The Think Tank for Inclusion and Equity (TTIE) has teemed with Storyline Partners, the Geena Davis Institute on Gender in Media at Mount Saint Mary’s University, Women In Film, ACLU, Color Of Change, Define American, The Disability Rights Education and Defense Fund, Hollywood, Health & Society, Maytha Alhassen, Ph.D., Muslim Public Affairs Council, Muslim Anti-Racism Collaborative, and National Hispanic Media Coalition for the first six factsheets for its “#WriteInclusion: Tips for Accurate Representation” project which helps evaluate Hollywood’s systemic pattern of under- and misrepresenting marginalized communities in TV.

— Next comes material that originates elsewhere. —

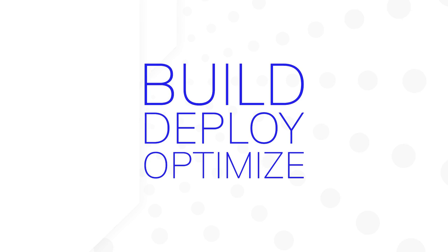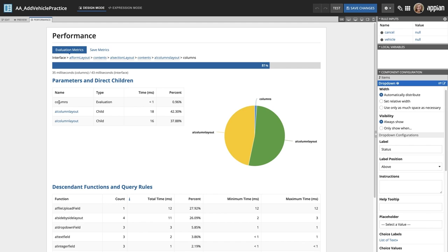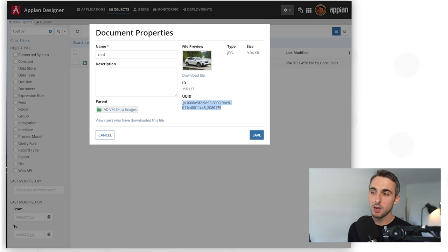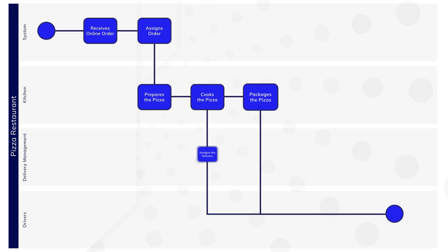Here you can expect a new video every week ranging from full application building tutorials to top community questions answered. Learn Appian's low-code platform better with quick tips and tricks from our instructors and sections from our online courses. Topics range from the basics of BPMN to automation and process mining.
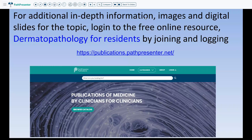For additional in-depth information, images, and digital slides on any of these topics, go to publications.pathpresenter.net and look up Dermatopathology for Residents. This is a free resource created by 65 authors with additional histological and clinical features and images about all the entities covered. Thank you and talk to you next time.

TTIE’s most recent “Behind the Scenes Report” found that 39.4% of underrepresented writers witnessed erasure and/or stereotyping of underrepresented characters when constructing stories in writers’ rooms, while 10.2% of underrepresented writers were fired for challenging stereotypical characters and stories underrepresented writers receive pushback from a production company, studio, and network executives when they attempt to tell accurate stories underrepresented writers are often not even hired to be in some TV show writers’ rooms. This should be a surprise, but it isn’t.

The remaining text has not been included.